Relative expression of caspase genes in control and MAP-infected macrophages. Abundance of mRNA encoding caspases 3, 7, 8, and 9 was determined via RT-qPCR as described in Materials and Methods. The ΔΔCt method was used to determine relative mRNA abundance using beta-actin as the control gene (Livak and Schmittgen, 2001). The uninfected sample (control) is indicated by gray boxes while infected samples are shown as black boxes. Bars represent the average results of MDM cultured from eight healthy Holstein cattle. Error bars represent standard error of the mean (SEM) between the eight biological replicates. Samples marked with a star (*) indicate samples that are significantly different then control samples at p < 0.05.

Figure 5

Protein expression in control and MAP-infected macrophages. Representative histograms used to determine relative protein expression via flow cytometry as described in Materials and Methods.

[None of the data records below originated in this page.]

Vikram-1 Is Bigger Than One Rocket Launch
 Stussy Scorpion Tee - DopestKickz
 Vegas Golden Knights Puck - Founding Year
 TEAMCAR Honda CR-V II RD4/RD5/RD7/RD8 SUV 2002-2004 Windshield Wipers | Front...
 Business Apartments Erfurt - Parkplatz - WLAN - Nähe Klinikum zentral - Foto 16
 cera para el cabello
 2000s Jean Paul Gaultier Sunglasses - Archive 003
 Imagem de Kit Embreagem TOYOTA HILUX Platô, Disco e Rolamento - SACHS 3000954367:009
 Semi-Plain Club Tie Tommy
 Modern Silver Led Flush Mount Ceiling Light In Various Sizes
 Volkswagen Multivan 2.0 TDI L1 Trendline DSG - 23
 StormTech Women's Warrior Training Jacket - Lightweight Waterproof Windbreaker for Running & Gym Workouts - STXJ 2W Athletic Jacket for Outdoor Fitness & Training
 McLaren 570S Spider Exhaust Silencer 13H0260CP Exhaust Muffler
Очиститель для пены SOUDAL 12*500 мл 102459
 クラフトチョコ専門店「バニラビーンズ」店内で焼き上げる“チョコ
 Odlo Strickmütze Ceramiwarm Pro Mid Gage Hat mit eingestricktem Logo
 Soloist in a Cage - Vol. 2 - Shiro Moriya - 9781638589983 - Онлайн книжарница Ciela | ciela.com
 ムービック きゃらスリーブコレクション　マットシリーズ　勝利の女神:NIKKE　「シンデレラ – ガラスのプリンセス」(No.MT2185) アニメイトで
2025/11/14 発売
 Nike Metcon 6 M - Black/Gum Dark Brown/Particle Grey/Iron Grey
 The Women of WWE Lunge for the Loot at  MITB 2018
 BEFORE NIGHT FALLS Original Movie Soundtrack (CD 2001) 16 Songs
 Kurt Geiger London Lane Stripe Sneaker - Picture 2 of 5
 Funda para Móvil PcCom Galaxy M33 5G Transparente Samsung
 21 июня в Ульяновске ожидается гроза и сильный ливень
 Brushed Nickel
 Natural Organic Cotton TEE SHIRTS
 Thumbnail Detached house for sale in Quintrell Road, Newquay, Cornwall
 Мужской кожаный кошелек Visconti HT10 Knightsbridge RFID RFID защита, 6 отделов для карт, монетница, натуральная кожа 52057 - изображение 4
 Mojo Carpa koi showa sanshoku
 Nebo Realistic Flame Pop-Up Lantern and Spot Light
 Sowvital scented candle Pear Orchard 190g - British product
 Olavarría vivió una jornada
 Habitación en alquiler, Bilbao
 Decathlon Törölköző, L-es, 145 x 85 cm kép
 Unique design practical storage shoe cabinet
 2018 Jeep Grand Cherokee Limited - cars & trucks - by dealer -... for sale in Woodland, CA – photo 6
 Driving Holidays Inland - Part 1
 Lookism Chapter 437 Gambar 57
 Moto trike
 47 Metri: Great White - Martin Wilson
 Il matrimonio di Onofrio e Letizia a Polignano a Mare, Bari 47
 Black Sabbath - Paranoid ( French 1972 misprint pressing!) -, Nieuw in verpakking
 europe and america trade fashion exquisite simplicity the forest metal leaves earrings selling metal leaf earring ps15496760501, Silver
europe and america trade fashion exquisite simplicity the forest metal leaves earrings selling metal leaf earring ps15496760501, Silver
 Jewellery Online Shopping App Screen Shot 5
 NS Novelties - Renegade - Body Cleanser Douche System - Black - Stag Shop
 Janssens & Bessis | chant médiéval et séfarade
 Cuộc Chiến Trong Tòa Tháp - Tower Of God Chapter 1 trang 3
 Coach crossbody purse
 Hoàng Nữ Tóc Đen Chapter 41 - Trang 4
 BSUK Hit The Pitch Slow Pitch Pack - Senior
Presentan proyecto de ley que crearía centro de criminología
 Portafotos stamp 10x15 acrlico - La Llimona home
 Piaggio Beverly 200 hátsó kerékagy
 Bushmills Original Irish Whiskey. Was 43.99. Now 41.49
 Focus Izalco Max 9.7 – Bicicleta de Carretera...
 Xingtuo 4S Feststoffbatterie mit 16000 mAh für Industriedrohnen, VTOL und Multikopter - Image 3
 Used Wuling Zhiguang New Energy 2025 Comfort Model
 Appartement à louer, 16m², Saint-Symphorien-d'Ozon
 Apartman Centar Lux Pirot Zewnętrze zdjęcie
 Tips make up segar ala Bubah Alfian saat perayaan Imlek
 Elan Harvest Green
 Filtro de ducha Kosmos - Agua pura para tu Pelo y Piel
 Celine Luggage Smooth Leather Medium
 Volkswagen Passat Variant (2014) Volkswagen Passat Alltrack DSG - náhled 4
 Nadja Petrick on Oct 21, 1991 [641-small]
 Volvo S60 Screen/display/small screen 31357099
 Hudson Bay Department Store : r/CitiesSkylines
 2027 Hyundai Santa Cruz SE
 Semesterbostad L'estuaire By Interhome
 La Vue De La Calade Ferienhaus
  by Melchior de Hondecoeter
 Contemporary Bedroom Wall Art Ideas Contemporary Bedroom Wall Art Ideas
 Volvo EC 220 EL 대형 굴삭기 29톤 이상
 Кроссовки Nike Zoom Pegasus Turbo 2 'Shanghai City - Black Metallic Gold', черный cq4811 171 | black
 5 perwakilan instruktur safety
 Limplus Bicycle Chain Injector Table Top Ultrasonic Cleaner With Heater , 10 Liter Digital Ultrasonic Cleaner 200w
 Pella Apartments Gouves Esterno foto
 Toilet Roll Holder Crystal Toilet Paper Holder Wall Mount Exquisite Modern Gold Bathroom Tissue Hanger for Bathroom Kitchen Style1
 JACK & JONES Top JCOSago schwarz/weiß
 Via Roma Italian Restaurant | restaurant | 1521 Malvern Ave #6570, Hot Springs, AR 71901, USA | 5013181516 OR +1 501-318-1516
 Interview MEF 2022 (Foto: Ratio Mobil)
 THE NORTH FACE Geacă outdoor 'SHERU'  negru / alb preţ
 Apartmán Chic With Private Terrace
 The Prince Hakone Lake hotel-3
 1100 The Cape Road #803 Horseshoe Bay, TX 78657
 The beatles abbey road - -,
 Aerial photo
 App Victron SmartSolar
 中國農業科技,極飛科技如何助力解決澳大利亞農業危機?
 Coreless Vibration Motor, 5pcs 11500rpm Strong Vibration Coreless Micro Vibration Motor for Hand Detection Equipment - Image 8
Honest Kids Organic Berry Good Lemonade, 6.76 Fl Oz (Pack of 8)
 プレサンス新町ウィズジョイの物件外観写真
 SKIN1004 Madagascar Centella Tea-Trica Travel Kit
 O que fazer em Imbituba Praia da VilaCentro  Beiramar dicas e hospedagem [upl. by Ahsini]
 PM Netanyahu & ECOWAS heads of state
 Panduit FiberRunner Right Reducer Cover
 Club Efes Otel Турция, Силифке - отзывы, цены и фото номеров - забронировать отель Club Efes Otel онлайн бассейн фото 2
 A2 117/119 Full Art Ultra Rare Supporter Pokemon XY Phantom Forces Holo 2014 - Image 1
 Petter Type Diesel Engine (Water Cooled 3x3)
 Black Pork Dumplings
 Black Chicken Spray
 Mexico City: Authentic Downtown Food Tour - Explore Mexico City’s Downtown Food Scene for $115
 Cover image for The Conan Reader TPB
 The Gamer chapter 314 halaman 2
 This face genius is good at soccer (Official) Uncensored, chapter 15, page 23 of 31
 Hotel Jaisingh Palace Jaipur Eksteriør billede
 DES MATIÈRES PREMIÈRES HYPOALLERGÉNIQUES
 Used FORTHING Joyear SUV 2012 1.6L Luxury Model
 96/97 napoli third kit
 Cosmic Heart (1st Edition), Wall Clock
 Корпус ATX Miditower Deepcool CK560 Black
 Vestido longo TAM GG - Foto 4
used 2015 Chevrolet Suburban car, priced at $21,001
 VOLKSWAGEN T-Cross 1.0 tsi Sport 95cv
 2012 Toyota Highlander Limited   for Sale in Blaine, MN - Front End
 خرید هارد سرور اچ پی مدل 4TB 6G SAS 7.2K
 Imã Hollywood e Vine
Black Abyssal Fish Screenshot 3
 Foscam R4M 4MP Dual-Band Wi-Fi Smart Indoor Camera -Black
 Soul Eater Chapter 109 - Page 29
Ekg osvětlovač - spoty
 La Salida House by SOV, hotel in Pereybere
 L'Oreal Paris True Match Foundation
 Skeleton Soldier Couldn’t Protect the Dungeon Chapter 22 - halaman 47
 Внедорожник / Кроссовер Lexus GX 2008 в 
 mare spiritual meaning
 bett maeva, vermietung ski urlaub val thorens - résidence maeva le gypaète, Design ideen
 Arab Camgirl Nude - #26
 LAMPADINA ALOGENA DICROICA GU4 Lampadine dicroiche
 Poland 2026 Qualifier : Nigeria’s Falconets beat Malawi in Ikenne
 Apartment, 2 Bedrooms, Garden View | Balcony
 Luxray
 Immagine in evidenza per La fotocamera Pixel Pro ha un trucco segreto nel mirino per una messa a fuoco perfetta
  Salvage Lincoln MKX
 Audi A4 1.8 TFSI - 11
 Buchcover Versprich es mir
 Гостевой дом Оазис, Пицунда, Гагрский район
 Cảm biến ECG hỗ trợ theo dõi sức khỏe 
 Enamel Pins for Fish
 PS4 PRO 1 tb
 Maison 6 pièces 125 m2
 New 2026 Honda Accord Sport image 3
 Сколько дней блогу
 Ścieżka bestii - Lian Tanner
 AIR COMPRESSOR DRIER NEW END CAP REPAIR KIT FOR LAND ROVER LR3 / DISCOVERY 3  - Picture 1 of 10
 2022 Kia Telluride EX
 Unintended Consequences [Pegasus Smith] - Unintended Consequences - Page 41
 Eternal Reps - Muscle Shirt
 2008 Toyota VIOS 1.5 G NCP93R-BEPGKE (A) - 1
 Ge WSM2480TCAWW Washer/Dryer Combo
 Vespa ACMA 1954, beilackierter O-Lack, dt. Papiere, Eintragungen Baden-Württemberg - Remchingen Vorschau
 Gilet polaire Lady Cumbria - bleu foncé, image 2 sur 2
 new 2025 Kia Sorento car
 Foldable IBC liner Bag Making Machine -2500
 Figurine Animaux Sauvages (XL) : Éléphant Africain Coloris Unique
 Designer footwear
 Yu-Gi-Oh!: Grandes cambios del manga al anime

The dotted line represents isotype control samples (Samples exposed to only the secondary antibody). The dashed line represents data from MAP-infected macrophage populations. Solid black lines represent control, uninfected macrophage samples. Samples used to study p-AKT, BAD, and p-BAD were exposed to M-CSF prior to analysis. Samples used to study MCL-1 were exposed to GM-CSF prior to analysis.

Figure 6

Macrophages infected with MAP mutants fail to prevent host cell apoptosis. The percentage of apoptotic macrophages was determined as described in Materials and Methods. Bars represent the average results of MDM cultured from four healthy Holstein cattle. Error bars represent standard error of the mean (SEM) between the four biological replicates. An ^#indicates significantly different from ATCC#19698 (ATCC)-infected macrophages at p < 0.05 while a *indicates significant difference from control, uninfected macrophages at p < 0.05. The nature of each mutation is presented in Table 2, as described in the text.